Informal approaches have been made by the regulatory authority to bring the Pru into line, amid signs that some board members had been wavering behind the public front of unamimous defiance of the PIA.
Despite the Pru's formal statement that the it will not join the PIA, it is believed in the industry that after a decent interval, and the arrival of a new chief executive, Britain's leading insurer will abandon its controversial stance.
It is still unclear who will replace Mr Newmarch. Some insiders tip Jim Sutcliffe, who runs the Pru's core domestic insurance division, as the front-runner, but at 37 he may find his age against him. The other leading internal candidate is Keith Bedell-Pearce, 48, who runs the financial services division.

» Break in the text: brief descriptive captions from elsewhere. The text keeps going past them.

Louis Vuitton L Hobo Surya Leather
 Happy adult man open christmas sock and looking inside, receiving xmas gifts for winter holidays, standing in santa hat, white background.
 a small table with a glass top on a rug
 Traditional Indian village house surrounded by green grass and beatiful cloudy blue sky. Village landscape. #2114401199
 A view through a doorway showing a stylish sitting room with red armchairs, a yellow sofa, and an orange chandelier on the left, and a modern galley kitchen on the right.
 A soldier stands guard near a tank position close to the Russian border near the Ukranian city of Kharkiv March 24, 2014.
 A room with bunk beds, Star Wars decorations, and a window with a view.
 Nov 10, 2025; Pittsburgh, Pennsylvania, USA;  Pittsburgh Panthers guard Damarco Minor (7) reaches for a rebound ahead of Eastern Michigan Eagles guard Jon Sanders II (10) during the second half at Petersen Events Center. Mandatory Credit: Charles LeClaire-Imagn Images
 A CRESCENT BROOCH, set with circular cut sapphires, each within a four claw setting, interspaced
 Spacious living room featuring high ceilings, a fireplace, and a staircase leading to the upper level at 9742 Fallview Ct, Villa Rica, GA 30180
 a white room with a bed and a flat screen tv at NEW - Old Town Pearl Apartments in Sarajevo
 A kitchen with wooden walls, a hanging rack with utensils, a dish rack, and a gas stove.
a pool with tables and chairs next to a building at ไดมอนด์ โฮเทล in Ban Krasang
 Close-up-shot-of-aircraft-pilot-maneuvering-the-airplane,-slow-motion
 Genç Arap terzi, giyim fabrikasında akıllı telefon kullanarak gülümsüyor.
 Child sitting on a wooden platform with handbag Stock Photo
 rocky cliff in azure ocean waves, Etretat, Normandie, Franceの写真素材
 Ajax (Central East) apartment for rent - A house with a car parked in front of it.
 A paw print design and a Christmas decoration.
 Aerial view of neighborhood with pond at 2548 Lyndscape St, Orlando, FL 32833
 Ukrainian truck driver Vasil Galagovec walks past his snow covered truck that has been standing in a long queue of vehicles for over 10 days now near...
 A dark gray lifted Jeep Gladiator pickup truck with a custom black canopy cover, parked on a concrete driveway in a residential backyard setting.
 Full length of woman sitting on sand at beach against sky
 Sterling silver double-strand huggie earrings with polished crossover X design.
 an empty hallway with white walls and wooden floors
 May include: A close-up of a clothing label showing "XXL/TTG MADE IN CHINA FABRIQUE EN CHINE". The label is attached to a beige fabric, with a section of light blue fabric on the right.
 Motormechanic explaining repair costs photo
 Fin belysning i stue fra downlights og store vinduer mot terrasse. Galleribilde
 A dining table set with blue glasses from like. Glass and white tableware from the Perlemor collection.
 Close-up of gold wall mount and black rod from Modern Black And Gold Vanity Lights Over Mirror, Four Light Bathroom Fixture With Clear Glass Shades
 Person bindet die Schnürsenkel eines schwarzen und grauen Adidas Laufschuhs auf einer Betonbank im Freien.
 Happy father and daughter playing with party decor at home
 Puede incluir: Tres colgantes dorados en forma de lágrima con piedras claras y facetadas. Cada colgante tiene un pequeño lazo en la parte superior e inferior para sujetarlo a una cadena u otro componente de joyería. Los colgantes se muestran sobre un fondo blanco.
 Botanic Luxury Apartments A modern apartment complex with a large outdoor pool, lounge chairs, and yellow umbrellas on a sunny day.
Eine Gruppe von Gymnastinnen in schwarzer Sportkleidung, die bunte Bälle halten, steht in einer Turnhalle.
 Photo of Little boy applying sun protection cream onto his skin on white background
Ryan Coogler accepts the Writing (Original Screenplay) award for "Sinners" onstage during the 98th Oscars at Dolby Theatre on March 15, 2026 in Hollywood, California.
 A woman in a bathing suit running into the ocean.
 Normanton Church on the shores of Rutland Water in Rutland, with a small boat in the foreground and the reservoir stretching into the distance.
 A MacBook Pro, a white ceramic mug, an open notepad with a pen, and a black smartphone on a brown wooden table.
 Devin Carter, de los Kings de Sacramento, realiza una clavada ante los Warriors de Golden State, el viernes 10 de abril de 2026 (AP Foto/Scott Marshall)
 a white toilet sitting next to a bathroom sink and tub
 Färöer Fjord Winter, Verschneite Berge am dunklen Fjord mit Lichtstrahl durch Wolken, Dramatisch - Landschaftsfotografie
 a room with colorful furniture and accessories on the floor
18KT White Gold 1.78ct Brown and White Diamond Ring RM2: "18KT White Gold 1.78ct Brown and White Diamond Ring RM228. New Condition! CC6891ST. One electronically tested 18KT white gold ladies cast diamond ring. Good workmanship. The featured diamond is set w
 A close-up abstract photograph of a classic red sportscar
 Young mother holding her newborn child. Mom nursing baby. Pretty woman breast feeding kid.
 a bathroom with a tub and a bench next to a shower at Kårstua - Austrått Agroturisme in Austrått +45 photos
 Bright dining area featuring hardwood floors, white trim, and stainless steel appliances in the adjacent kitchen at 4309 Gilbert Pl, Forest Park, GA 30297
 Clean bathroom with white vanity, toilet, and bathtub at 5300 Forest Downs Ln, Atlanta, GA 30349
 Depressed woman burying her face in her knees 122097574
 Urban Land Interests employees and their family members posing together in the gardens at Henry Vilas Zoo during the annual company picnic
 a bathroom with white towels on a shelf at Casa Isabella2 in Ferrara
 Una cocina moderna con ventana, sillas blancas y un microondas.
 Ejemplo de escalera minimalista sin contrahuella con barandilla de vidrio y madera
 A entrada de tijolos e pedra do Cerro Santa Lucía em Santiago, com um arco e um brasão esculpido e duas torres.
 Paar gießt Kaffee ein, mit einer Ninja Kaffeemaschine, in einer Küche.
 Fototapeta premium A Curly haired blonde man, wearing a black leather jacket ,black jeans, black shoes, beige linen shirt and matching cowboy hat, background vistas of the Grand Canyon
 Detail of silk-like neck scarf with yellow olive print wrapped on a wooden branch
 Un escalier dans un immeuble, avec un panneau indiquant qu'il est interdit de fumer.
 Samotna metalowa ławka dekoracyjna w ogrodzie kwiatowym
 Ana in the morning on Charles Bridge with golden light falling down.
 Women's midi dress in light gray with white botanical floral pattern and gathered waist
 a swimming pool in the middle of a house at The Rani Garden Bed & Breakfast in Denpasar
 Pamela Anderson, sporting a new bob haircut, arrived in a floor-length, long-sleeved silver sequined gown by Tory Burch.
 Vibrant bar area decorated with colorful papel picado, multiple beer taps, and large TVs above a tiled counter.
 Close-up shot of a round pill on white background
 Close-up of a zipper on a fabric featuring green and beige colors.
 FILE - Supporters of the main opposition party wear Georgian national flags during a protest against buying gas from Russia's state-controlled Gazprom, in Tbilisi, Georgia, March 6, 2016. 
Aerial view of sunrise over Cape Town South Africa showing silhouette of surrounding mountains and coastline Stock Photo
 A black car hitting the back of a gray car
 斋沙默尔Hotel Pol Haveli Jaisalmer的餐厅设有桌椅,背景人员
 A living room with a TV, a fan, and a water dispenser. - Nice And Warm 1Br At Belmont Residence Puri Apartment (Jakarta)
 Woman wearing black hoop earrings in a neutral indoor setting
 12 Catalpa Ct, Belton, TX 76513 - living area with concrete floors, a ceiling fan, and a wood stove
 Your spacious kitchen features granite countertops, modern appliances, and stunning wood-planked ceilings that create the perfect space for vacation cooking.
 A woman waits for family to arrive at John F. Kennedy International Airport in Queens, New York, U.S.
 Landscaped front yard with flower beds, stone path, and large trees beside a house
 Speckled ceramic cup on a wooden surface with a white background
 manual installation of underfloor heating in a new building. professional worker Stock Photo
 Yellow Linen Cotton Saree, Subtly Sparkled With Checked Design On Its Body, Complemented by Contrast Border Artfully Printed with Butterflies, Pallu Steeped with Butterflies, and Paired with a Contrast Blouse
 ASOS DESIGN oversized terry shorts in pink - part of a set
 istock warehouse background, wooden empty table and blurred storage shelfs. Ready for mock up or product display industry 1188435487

Mr Newmarch had waged a highly personalised, aggressive campaign against the PIA, questioning its suitability, but found the Prudential isolated in its opposition. His resignation came shortly after Lautro, the industry regulator which is being succeededby the PIA, delivered a damning report on the Prudential's selling of personal pensions. Mr Newmarch had persistently denied that the Prudential was in any way implicated in the scandal of the inappropriate selling of personal pension plans that has engulfed the industry.
The Prudential said yesterday: "We have always behaved perfectly properly with regard to the selling of pension transfers. No conversation or communication we have had with Lautro would indicate to us that we ought in any way to change our view."